Given material:
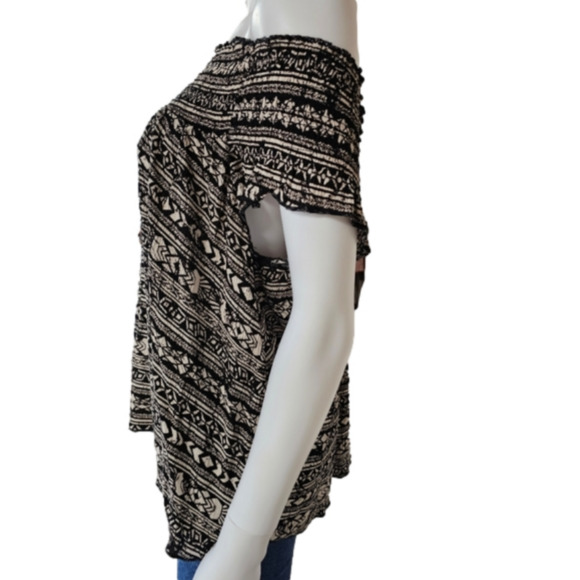 Mossimo Supply Off The Shoulder Abstract Print Top Size XL - Picture 3 of 10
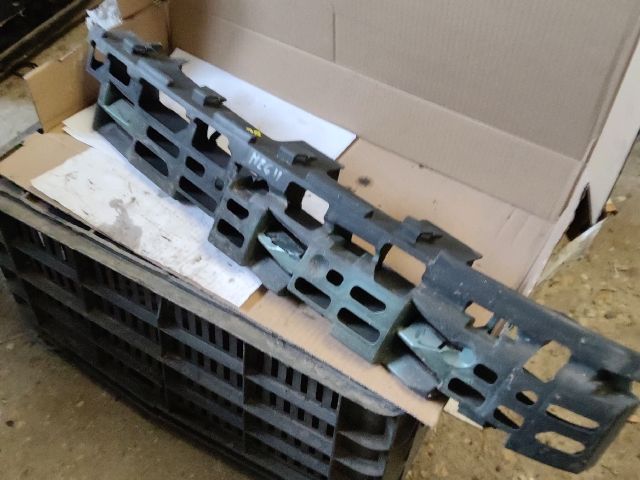 bontott RENAULT MEGANE II Bal első Lökhárító Merevítő Tartó (Fém)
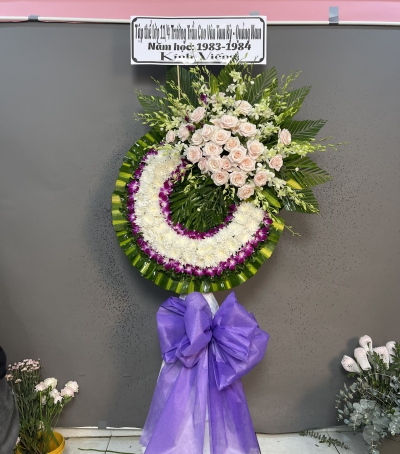 Kệ Hoa Tươi Chia Buồn - 01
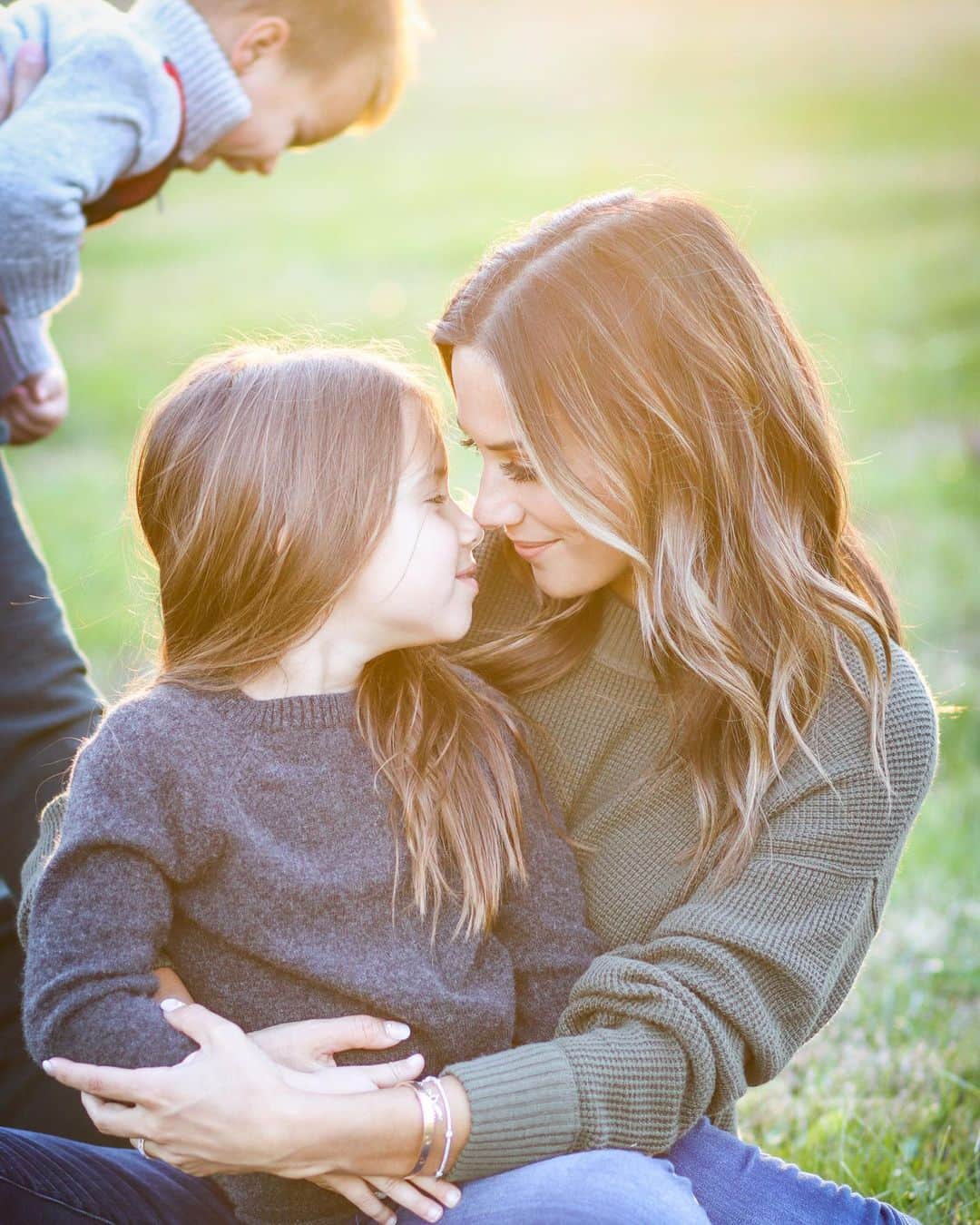 のインスタグラム：「Had the absolute scariest thing happen today at the park. We took the kids cause it was a nice day and we needed to get out and took them to a park we know and love.  We were going down the slides, swinging and having a great time.  Jolie met a sweet little girl and they started running around. I watch my kids like hawks but Jolie was running around in the play house so it was hard at times to see her. Needless to say I always had a watch on her.  And then I went down the slide with Jace again and I saw Jolie running around again with her sweet friend.  Mike was also patrolling too but we both went down the slide with Jace because Jolie was running around. But then the next minute a lady walked up to me and said “your daughter just got into a white suv”. My heart went straight to my gut and I said WHAT?!!! I immediately ran as fast as I could to the parking lot where I then saw Jolie and the little girl coming around the back of the car to which the little girls mom was in car.  I clung to Jolie so quick and caught my breath and tried to turn off all the “what if’s” going through my brain... It was an eye opening experience especially for someone like me who is super present. Literally in a blink of a second...that’s how fast a kid could be taken. Thank God that’s not what happened here and the little girl Jolie was with just wanted to see her mom but it’s a reminder for all of us to stay present, be aware because they might not end up like today and be watchful like the amazing mom that came up to me... I also want to add I never had the talk with Jolie. I think I expected her to know she can’t leave without mommy or daddy and plus I was always watching. I’m grateful we had the talk today.」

Aim of the exercise: Reproduce the material above verbatim; omit every picture.

Answer space:
 Mossimo Supply Off The Shoulder Abstract Print Top Size XL - Picture 3 of 10
 bontott RENAULT MEGANE II Bal első Lökhárító Merevítő Tartó (Fém)
 Kệ Hoa Tươi Chia Buồn - 01
 のインスタグラム：「Had the absolute scariest thing happen today at the park. We took the kids cause it was a nice day and we needed to get out and took them to a park we know and love.  We were going down the slides, swinging and having a great time.  Jolie met a sweet little girl and they started running around. I watch my kids like hawks but Jolie was running around in the play house so it was hard at times to see her. Needless to say I always had a watch on her.  And then I went down the slide with Jace again and I saw Jolie running around again with her sweet friend.  Mike was also patrolling too but we both went down the slide with Jace because Jolie was running around. But then the next minute a lady walked up to me and said “your daughter just got into a white suv”. My heart went straight to my gut and I said WHAT?!!! I immediately ran as fast as I could to the parking lot where I then saw Jolie and the little girl coming around the back of the car to which the little girls mom was in car.  I clung to Jolie so quick and caught my breath and tried to turn off all the “what if’s” going through my brain... It was an eye opening experience especially for someone like me who is super present. Literally in a blink of a second...that’s how fast a kid could be taken. Thank God that’s not what happened here and the little girl Jolie was with just wanted to see her mom but it’s a reminder for all of us to stay present, be aware because they might not end up like today and be watchful like the amazing mom that came up to me... I also want to add I never had the talk with Jolie. I think I expected her to know she can’t leave without mommy or daddy and plus I was always watching. I’m grateful we had the talk today.」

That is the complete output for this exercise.